Start of Block
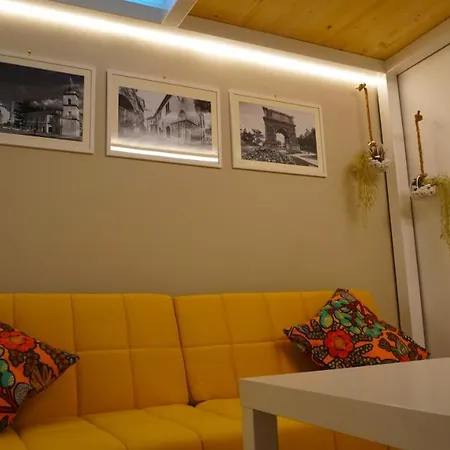 公寓 Trescene Locazione Breve Turistica *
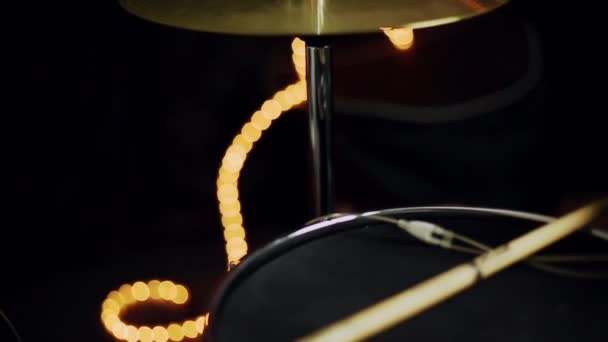 小鼓上的帽子 — 图库视频影像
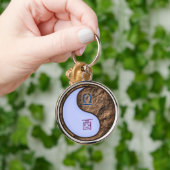 Weegschaal & Aarde Haan Sleutelhanger (Hand)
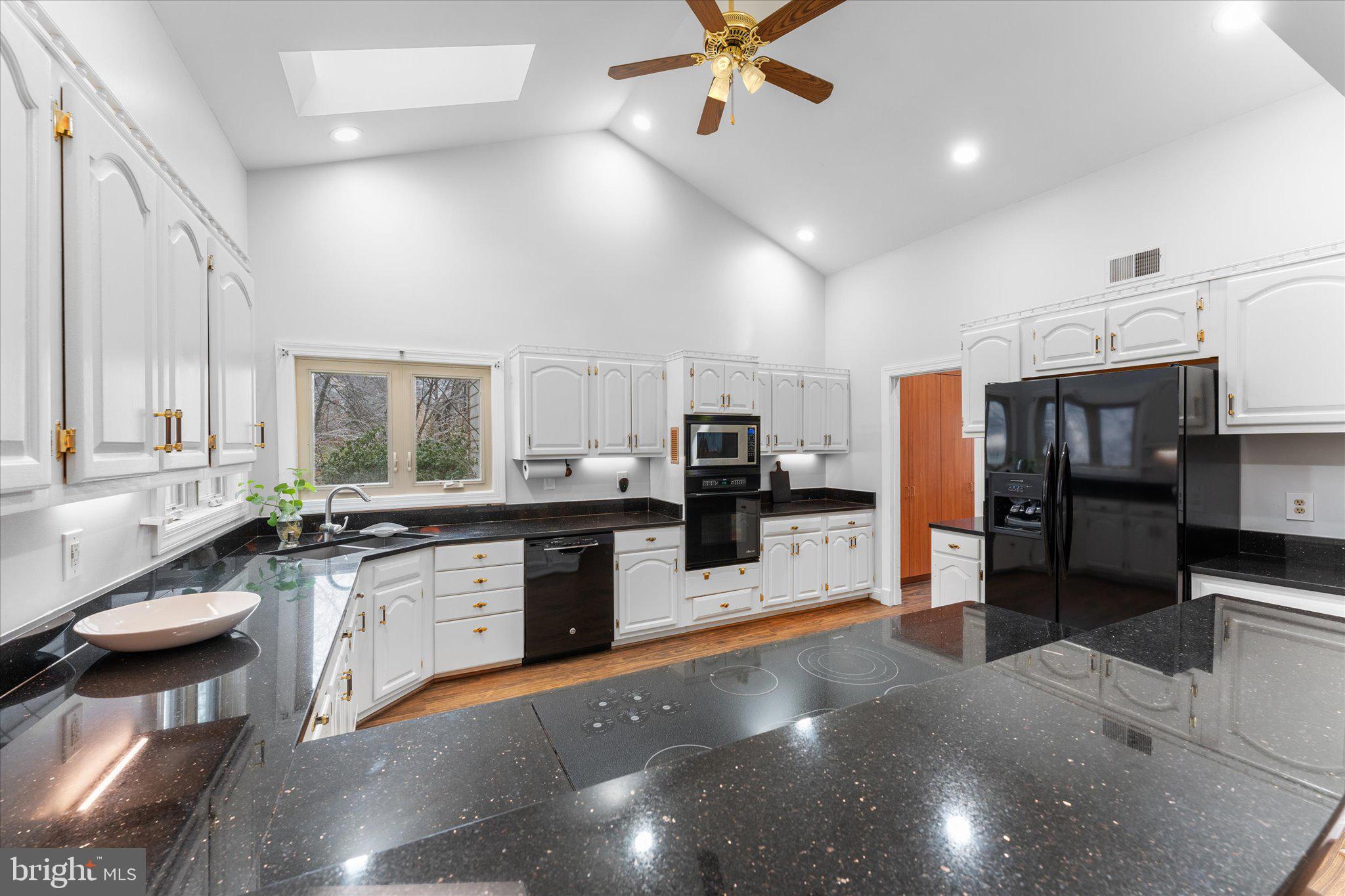 NAPLES MANOR - Residential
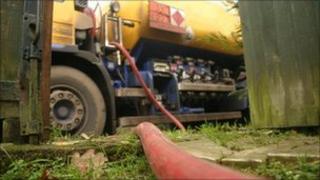 Fuel oil delivery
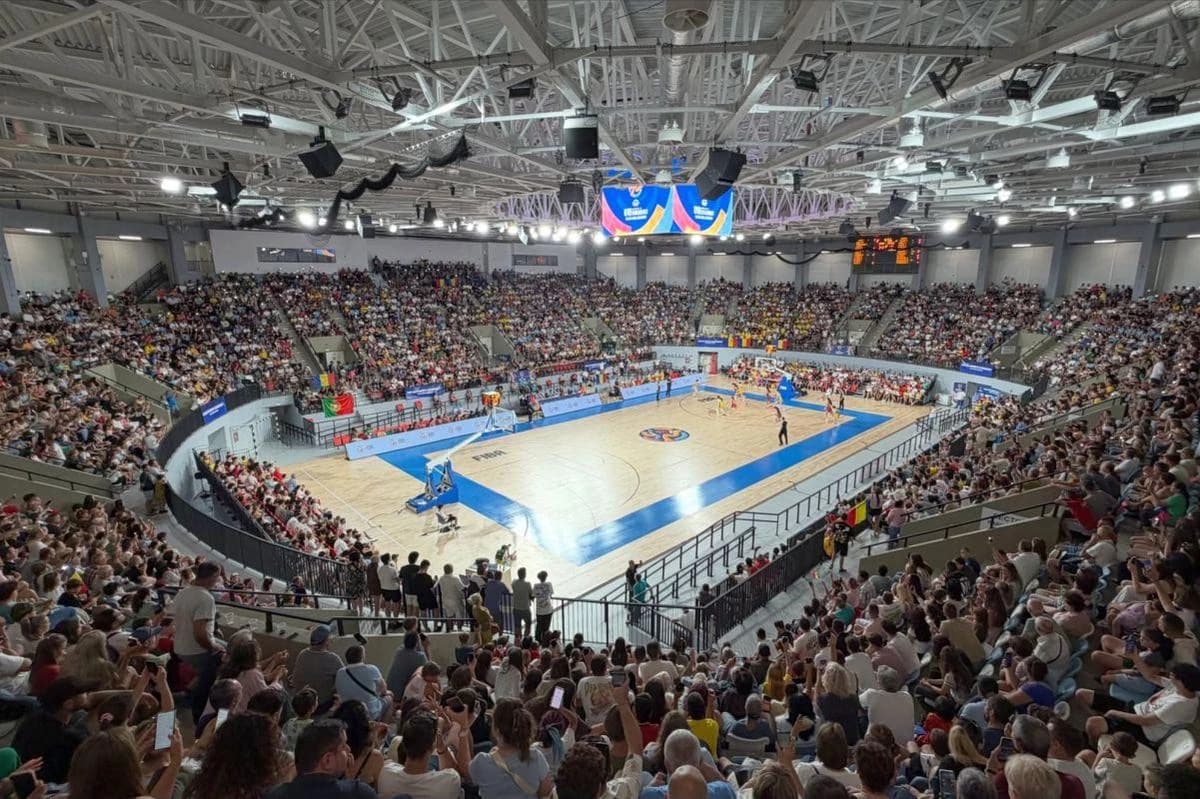 S-a întâmplat azi în România! O sală nouă și 4.670 spectatori la un meci de baschet feminin U18: „Am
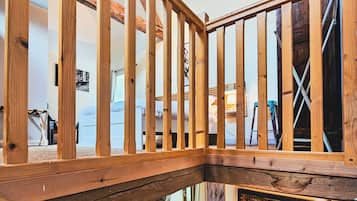 1 bedroom, desk, WiFi, bed sheets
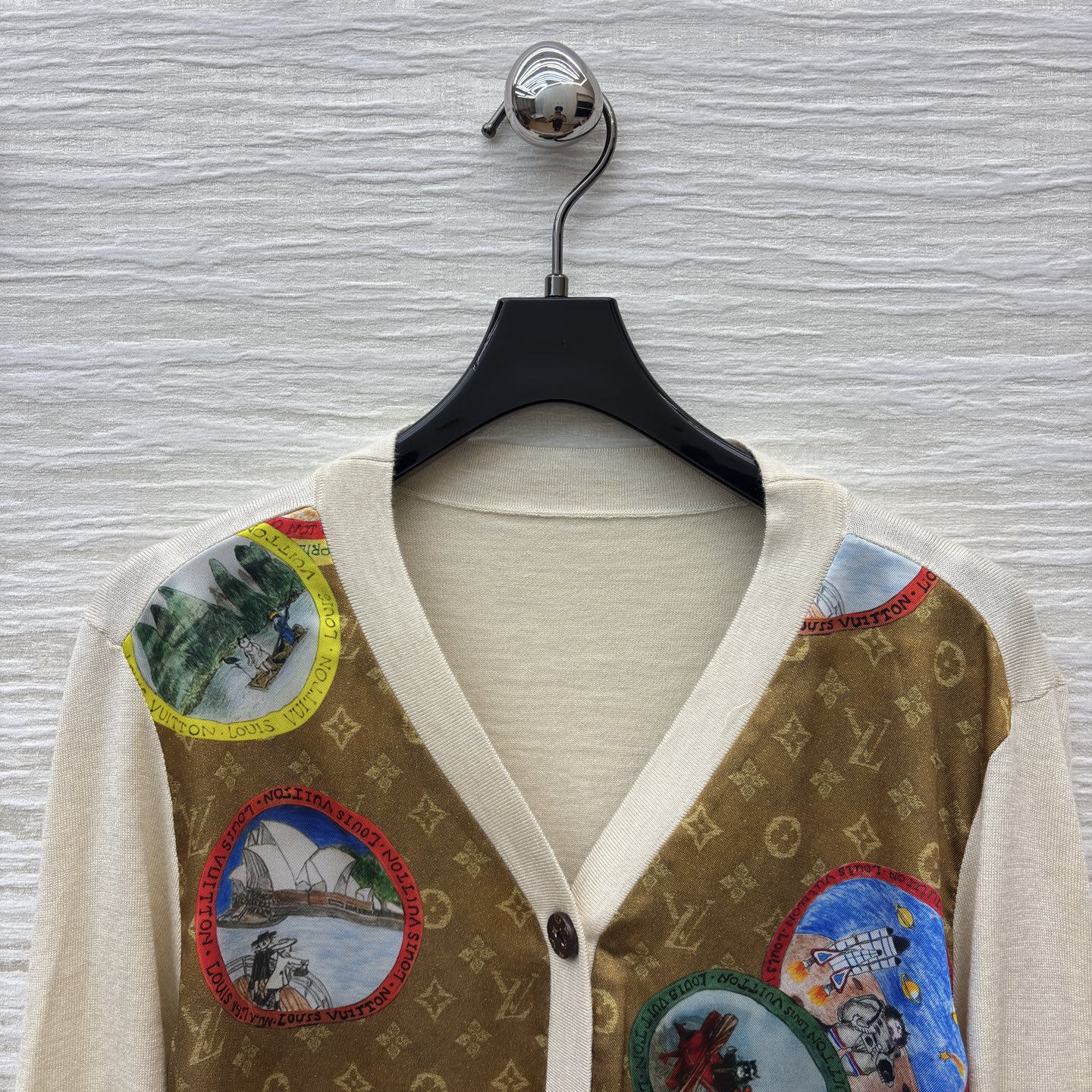 L家 25秋冬新款 卡通邮票老花拼接针织系列 短袖T恤 +V领长袖开衫 经典老花提花卡通邮票图案拼接针织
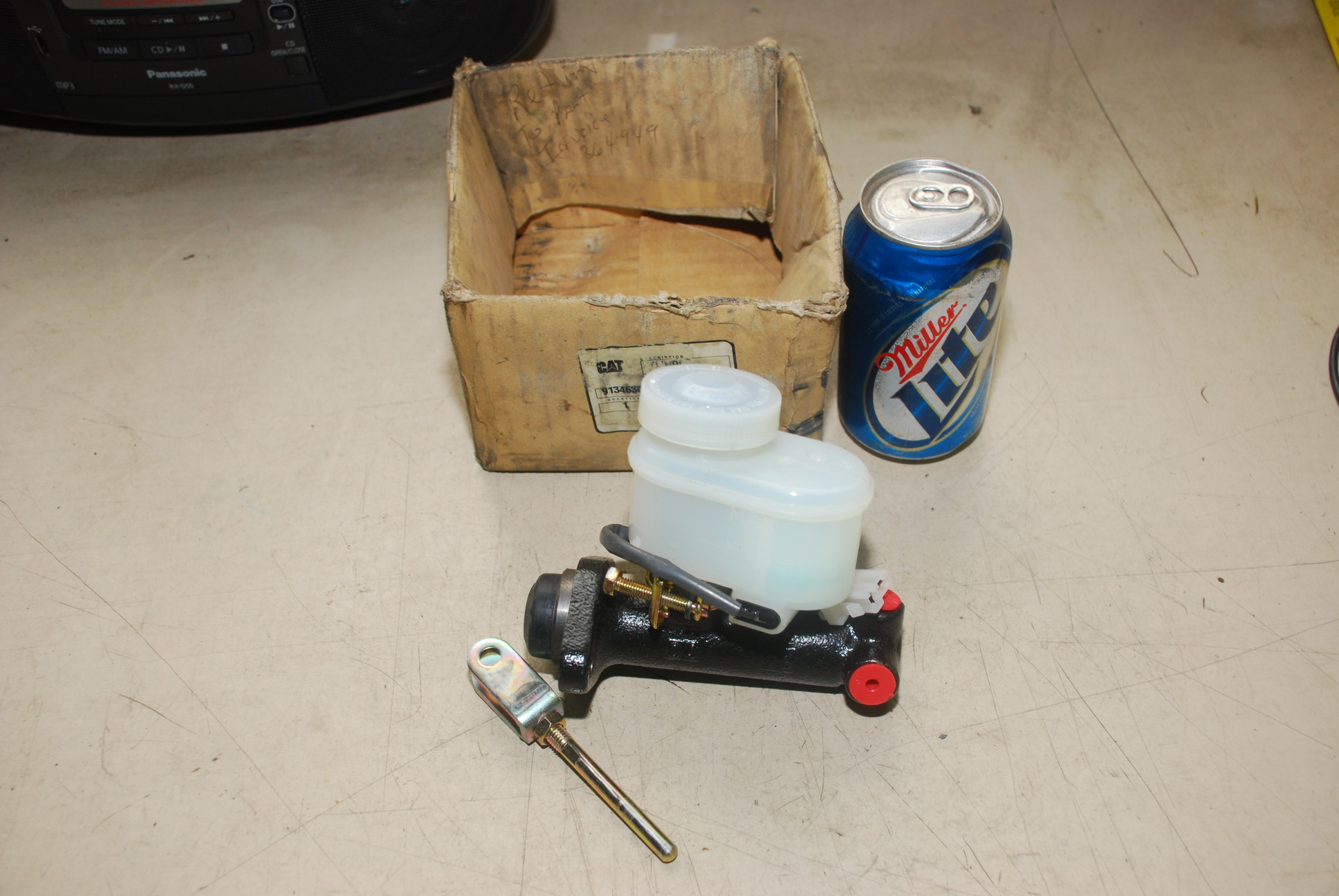 NEW,Caterpillar Forklift Towmotor Master Brake Cylinder Part 913463030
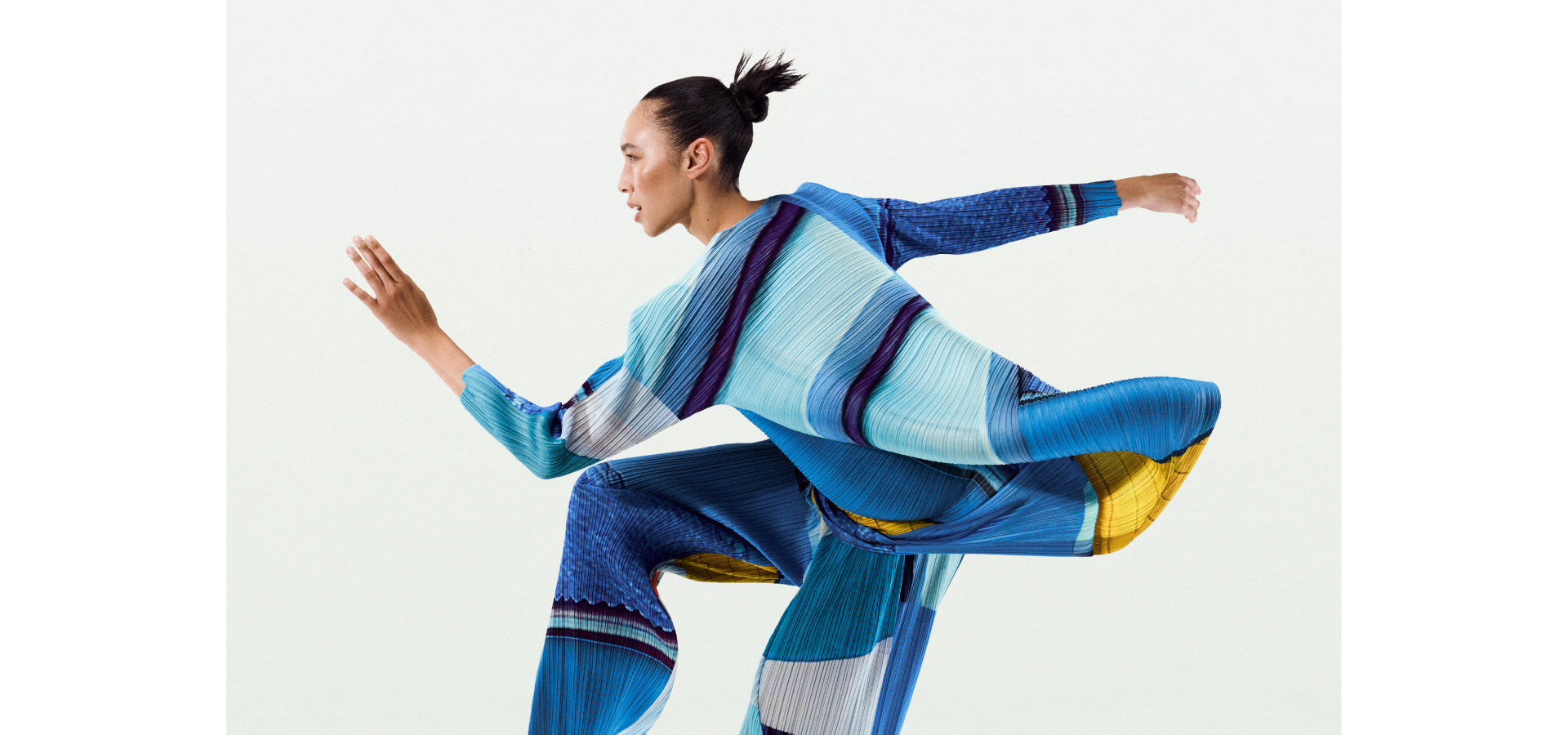 ISSEY MIYAKE クッションカバー ピンク 2枚 ベルベットクッション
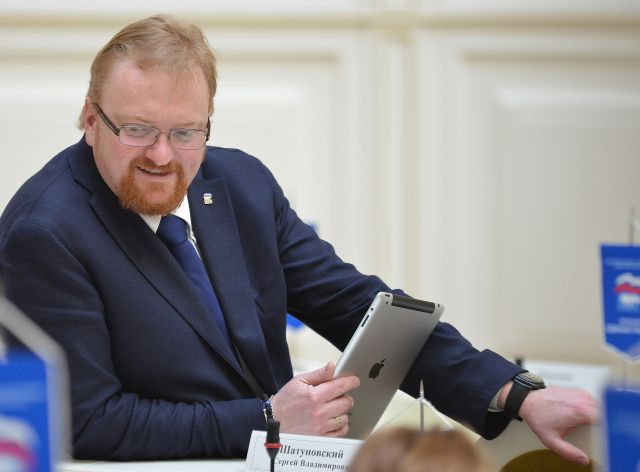 Виталий Милонов бросил вызов смартфонам Виталий Милонов бросил вызов смартфонам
End of Block
What is needed is every entry above, repeated exactly, with the pictures dropped.

 公寓 Trescene Locazione Breve Turistica *
 小鼓上的帽子 — 图库视频影像
 Weegschaal & Aarde Haan Sleutelhanger (Hand)
 NAPLES MANOR - Residential
 Fuel oil delivery
 S-a întâmplat azi în România! O sală nouă și 4.670 spectatori la un meci de baschet feminin U18: „Am
 1 bedroom, desk, WiFi, bed sheets
 L家 25秋冬新款 卡通邮票老花拼接针织系列 短袖T恤 +V领长袖开衫 经典老花提花卡通邮票图案拼接针织
 NEW,Caterpillar Forklift Towmotor Master Brake Cylinder Part 913463030
 ISSEY MIYAKE クッションカバー ピンク 2枚 ベルベットクッション
 Виталий Милонов бросил вызов смартфонам Виталий Милонов бросил вызов смартфонам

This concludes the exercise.